START THE DATA
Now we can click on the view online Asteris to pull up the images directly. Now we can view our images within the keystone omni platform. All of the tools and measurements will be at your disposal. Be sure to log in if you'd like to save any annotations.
END THE DATA
START THE DATA
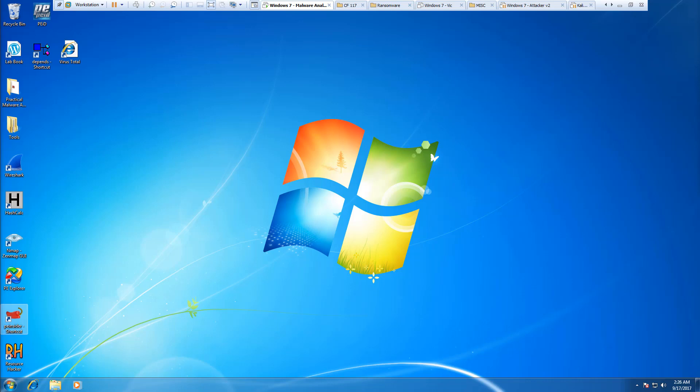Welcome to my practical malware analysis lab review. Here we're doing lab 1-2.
END THE DATA
START THE DATA
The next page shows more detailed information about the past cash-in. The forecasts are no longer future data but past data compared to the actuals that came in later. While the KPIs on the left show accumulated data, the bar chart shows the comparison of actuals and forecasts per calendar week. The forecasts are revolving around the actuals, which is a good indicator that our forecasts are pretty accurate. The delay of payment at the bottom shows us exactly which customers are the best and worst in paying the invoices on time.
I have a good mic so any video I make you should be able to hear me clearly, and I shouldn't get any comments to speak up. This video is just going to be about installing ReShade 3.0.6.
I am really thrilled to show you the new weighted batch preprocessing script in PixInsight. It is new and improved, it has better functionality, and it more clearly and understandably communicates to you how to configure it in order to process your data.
END THE DATA
* WHAT YOU WILL DO
Search term "show": return each line of the data that contains it.

* ANSWER SPACE
The next page shows more detailed information about the past cash-in. The forecasts are no longer future data but past data compared to the actuals that came in later. While the KPIs on the left show accumulated data, the bar chart shows the comparison of actuals and forecasts per calendar week. The forecasts are revolving around the actuals, which is a good indicator that our forecasts are pretty accurate. The delay of payment at the bottom shows us exactly which customers are the best and worst in paying the invoices on time.
I am really thrilled to show you the new weighted batch preprocessing script in PixInsight. It is new and improved, it has better functionality, and it more clearly and understandably communicates to you how to configure it in order to process your data.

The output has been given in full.